Virginia Postrel on Style 11/27/2006
EconTalk
YouTube Description
Author and journalist Virginia Postrel talks about how business competes for customers using style and beauty, going beyond price and the standard measures of quality. She looks at the role of appearance in our daily lives and the change from earlier times when style and beauty were luxuries accessible only to the wealthy. She also talks about her donation of a kidney to a friend and how that affected the intensity of her feelings about the policies surrounding organ donations. http://www.econtalk.org/postrel-on-style/
Claims (31)
Much of what social critics assume is status competition is in fact not competition but the pursuit of new pleasures—e.g., wanting leather seats after enjoying a friend's car is about discovering a pleasure one could have, not showing up the friend; and there is no single status hierarchy.
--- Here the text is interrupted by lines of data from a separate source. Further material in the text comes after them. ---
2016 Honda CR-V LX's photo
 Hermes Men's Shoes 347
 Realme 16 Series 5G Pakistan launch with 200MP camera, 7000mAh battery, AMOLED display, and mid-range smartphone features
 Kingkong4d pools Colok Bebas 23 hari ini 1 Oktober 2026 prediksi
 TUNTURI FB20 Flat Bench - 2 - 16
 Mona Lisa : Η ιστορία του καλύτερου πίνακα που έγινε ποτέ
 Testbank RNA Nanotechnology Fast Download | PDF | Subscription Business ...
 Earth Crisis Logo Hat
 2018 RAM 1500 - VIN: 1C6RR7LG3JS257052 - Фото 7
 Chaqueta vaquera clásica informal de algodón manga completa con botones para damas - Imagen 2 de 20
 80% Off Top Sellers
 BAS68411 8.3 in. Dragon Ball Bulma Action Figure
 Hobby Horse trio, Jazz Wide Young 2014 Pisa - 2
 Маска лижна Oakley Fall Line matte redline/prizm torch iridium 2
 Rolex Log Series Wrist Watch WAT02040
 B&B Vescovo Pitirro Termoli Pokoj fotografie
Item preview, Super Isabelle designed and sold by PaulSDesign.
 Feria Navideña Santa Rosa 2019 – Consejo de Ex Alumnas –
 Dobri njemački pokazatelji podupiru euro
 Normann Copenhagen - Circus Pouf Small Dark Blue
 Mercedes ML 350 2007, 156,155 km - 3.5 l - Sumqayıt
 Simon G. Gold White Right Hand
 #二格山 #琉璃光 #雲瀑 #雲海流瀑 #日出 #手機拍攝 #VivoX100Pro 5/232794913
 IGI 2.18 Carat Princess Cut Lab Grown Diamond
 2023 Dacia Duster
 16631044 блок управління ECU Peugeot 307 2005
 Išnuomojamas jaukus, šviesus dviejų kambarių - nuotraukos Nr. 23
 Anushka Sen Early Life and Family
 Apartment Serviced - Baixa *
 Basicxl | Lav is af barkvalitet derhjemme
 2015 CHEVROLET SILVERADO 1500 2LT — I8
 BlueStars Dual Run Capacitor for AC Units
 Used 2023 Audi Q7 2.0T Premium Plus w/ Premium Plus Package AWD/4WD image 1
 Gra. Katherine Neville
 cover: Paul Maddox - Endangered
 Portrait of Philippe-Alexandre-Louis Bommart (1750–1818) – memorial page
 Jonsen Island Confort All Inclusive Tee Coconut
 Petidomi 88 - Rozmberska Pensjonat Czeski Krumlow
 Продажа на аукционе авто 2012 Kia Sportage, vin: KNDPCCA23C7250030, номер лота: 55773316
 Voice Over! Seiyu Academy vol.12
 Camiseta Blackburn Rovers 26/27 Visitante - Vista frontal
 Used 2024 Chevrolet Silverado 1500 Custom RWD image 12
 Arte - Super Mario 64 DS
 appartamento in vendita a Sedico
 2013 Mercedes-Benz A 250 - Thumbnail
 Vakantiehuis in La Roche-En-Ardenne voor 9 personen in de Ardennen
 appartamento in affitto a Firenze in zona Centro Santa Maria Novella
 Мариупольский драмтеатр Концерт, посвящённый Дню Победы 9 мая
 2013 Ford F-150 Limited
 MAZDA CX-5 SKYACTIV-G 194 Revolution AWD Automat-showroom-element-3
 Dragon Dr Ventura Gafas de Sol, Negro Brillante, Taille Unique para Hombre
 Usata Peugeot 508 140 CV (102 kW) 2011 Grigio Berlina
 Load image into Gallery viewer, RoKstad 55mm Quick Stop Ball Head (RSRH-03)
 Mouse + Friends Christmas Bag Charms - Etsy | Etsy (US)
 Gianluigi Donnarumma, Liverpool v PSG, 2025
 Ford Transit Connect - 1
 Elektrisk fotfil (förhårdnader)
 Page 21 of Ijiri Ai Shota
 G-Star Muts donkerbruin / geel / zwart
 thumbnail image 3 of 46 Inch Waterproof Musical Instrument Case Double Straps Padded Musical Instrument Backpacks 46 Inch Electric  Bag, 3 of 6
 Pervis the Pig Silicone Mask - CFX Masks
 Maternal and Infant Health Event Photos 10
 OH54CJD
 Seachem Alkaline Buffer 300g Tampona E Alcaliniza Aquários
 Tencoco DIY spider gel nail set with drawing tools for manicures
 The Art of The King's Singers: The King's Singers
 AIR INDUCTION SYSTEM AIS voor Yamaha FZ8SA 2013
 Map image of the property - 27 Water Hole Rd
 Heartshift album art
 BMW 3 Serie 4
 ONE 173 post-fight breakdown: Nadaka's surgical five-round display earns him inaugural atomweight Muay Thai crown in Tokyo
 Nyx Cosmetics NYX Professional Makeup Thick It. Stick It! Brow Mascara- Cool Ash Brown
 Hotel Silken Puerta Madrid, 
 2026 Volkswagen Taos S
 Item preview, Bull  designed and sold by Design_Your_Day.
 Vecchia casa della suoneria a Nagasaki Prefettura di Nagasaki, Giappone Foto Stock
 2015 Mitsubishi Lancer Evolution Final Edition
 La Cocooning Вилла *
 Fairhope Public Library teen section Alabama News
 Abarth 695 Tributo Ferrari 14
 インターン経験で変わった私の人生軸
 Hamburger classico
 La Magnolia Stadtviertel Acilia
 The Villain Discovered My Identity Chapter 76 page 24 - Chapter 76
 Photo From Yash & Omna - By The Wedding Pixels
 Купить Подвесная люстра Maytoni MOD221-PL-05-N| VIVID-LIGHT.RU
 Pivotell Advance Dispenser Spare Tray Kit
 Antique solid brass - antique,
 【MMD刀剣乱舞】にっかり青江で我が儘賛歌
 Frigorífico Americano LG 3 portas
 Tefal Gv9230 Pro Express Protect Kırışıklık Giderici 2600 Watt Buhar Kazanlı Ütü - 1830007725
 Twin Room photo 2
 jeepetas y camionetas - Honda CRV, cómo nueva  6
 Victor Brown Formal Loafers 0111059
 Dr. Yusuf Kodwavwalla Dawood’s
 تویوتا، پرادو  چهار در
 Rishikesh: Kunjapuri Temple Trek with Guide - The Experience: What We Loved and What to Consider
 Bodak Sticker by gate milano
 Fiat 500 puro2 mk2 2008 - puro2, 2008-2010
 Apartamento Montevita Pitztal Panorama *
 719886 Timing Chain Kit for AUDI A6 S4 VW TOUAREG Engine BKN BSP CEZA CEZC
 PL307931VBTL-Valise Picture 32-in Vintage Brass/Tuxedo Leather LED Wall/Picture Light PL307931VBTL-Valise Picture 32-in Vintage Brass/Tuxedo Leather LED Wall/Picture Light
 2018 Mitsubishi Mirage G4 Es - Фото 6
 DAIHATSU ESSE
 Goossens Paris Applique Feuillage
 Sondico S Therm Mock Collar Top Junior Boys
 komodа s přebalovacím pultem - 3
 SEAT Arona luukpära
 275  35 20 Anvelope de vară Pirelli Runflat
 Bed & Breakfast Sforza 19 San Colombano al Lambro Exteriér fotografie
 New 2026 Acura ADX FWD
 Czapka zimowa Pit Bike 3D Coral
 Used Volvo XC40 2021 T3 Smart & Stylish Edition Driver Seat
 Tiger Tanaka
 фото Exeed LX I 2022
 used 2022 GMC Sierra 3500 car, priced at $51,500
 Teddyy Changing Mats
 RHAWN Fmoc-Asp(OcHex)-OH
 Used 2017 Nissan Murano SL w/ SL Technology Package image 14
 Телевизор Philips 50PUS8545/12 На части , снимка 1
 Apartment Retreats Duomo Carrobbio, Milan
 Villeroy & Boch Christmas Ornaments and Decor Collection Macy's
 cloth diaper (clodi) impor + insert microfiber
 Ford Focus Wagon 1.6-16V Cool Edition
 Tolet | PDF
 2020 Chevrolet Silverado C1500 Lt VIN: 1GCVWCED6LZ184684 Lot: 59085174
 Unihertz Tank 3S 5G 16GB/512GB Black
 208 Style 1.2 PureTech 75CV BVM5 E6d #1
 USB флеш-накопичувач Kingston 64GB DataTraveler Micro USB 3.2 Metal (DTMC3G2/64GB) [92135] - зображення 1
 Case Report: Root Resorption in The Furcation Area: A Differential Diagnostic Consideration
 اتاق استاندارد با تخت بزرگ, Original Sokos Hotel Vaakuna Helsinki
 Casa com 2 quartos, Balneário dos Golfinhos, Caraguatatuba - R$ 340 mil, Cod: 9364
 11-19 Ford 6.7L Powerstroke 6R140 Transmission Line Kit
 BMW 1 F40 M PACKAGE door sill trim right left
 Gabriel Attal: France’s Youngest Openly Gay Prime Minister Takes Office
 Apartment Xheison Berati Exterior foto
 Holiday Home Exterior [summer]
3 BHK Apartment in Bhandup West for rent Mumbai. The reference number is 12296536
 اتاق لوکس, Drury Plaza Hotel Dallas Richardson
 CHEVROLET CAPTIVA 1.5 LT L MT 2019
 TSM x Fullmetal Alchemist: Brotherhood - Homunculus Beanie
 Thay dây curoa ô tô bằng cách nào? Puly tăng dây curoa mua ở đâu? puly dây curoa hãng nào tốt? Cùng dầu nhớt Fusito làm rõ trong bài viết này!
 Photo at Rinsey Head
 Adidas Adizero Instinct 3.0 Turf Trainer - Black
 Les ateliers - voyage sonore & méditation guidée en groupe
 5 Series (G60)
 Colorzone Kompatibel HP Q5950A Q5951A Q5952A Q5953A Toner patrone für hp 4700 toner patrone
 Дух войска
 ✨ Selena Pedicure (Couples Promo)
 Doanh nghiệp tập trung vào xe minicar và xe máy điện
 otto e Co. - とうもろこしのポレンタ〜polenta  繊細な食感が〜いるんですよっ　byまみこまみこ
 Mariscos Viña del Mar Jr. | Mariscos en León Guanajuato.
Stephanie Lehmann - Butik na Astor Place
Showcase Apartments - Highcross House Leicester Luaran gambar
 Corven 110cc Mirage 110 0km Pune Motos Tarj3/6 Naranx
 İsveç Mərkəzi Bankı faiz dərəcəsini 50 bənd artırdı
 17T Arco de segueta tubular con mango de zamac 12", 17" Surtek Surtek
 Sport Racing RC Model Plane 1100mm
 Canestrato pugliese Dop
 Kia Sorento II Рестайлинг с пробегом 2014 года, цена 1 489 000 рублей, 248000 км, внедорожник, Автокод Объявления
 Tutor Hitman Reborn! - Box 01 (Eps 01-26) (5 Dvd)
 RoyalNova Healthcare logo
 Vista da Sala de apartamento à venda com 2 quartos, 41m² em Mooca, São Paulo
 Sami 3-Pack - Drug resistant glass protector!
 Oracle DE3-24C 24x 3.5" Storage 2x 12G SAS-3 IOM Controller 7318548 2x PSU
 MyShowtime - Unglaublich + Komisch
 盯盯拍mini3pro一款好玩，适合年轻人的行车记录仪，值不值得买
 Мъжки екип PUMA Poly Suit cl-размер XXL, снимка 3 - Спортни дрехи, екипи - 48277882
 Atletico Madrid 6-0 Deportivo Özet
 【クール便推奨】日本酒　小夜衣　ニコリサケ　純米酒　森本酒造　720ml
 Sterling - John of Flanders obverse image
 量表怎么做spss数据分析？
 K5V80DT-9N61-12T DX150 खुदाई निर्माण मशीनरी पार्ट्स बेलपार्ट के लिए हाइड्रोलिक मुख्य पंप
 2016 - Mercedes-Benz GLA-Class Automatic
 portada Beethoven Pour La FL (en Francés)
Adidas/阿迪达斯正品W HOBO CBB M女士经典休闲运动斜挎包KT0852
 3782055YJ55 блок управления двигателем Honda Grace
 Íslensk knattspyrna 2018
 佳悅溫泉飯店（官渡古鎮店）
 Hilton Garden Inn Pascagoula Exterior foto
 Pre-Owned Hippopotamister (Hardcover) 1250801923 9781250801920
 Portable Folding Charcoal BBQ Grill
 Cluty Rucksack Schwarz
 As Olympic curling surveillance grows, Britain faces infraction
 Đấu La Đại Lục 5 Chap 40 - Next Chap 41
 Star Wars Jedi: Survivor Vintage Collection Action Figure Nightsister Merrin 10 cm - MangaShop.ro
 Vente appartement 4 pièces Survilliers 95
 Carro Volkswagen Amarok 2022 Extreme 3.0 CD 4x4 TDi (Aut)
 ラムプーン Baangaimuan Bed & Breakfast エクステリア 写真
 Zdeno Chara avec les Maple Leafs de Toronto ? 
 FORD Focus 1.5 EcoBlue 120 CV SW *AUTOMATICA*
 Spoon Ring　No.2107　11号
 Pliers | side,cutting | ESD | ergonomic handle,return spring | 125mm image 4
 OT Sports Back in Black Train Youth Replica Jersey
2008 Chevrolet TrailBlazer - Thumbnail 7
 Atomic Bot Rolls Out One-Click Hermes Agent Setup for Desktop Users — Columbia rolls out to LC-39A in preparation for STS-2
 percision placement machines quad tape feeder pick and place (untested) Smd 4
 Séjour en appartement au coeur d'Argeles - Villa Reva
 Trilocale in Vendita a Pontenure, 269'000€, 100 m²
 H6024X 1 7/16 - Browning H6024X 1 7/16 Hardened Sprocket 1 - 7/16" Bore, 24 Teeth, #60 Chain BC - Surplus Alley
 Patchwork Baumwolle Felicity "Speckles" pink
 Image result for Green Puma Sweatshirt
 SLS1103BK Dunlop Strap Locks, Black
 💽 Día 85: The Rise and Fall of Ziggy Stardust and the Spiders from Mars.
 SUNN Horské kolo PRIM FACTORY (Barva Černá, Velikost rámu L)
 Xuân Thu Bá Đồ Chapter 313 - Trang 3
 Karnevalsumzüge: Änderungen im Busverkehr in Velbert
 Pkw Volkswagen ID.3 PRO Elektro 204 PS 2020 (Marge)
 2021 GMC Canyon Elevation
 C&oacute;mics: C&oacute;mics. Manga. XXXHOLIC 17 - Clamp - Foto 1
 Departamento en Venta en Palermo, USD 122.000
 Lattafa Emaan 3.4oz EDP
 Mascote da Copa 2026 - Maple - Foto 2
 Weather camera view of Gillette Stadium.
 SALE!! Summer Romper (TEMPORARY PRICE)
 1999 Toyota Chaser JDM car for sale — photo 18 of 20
Beaded shoes illustrate diffusion: a new beading technology lowers cost; expensive-shoe makers may capture the savings for one season, but over time the aesthetic improvement filters down to mid-range and cheap shoes without higher prices, meaning consumers get more for their money.
The all-white 'heavenly bed' overturned the hotel-industry tradition of using dirt-hiding floral bedspreads: although white shows dirt and required special cleaning, customers perceive an all-white, visibly-clean room as cleaner (and it probably is), so the look became widely copied.
Where government competes with the private sector, some service improvements (e.g., a better government cafeteria to attract employees) would happen anyway through market forces, so Thaler's libertarian paternalism is really just giving the government consulting advice and is poorly labeled.